#### [EXERCISE]
Write out, word for word and with no pictures, each line below from the one containing "Image of first" through the one containing "Picture: Handrail set", both included, and no other line.

#### [EXTRACTED ENTRIES]
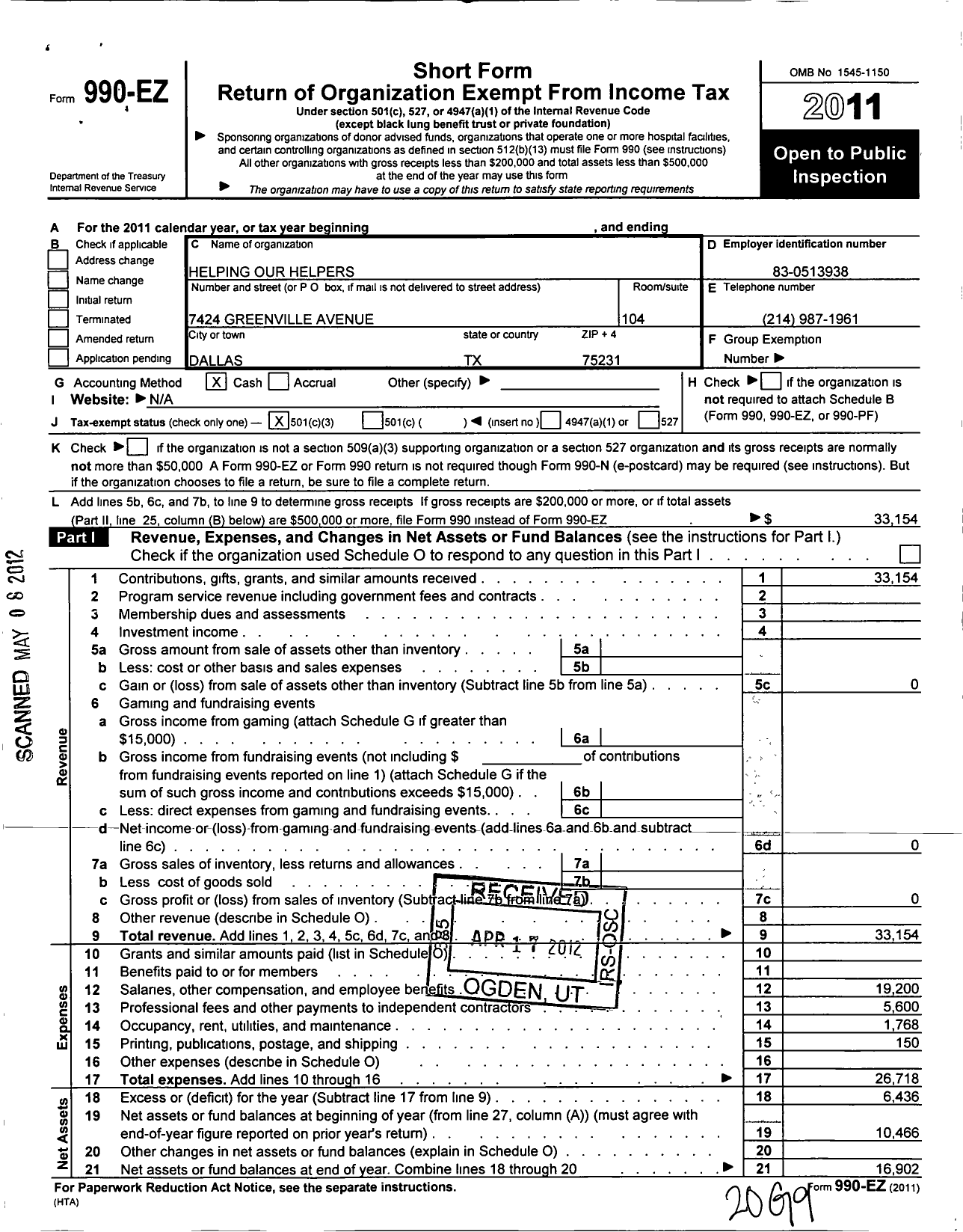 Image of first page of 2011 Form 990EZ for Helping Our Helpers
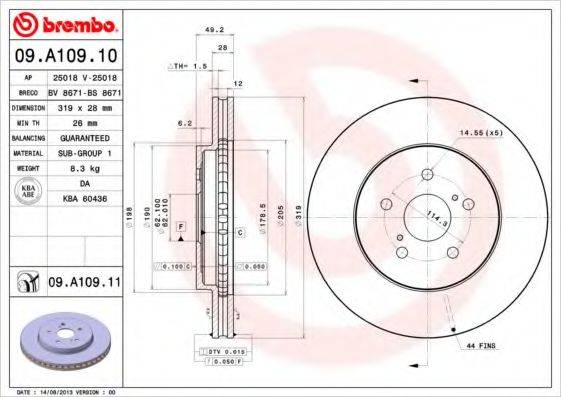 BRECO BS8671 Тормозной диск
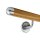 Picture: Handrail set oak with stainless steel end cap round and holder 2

---

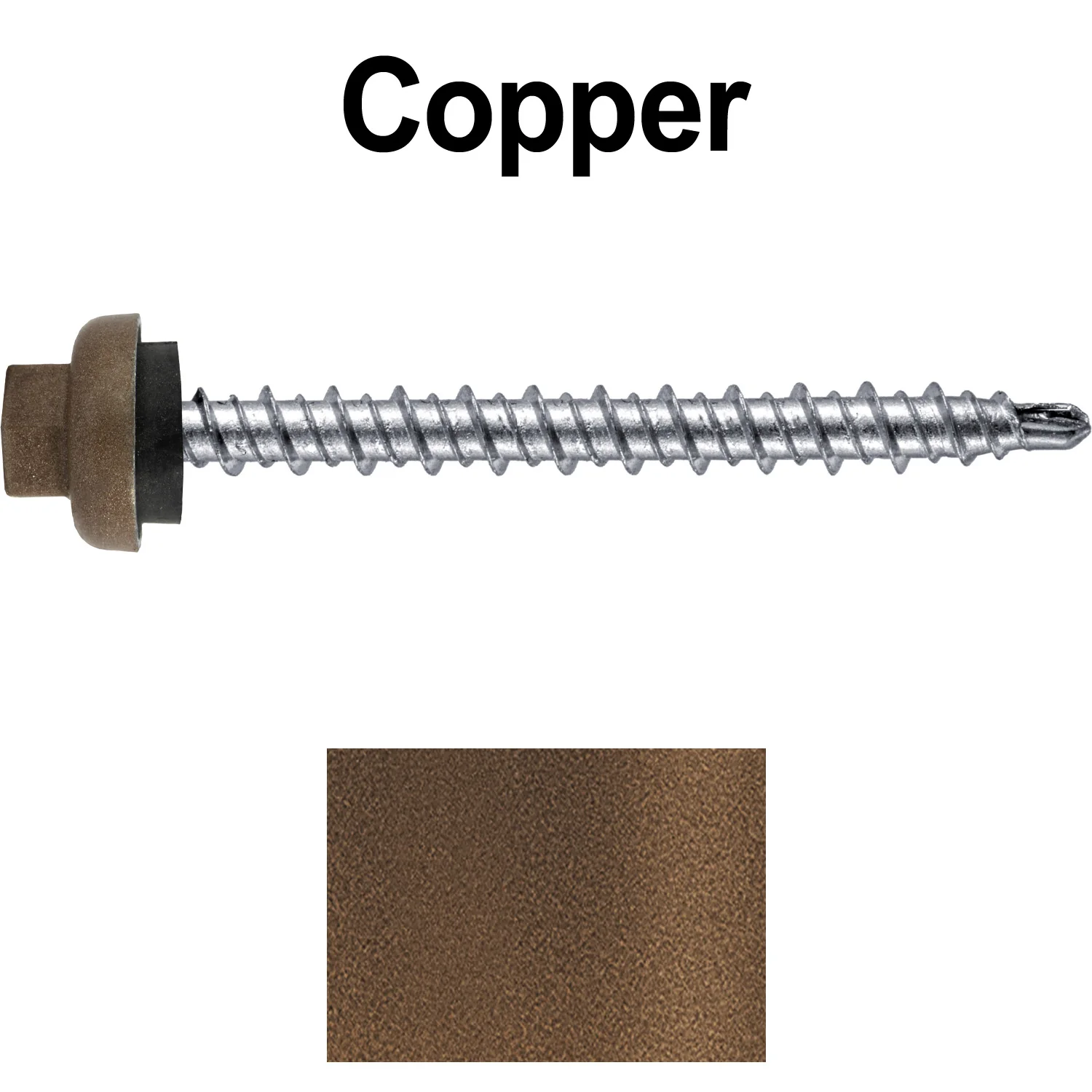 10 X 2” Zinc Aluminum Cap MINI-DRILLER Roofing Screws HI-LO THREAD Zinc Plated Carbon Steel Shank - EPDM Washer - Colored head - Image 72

#### [RESPONSE TO THIS EXERCISE]
 Image of first page of 2011 Form 990EZ for Helping Our Helpers
 BRECO BS8671 Тормозной диск
 Picture: Handrail set oak with stainless steel end cap round and holder 2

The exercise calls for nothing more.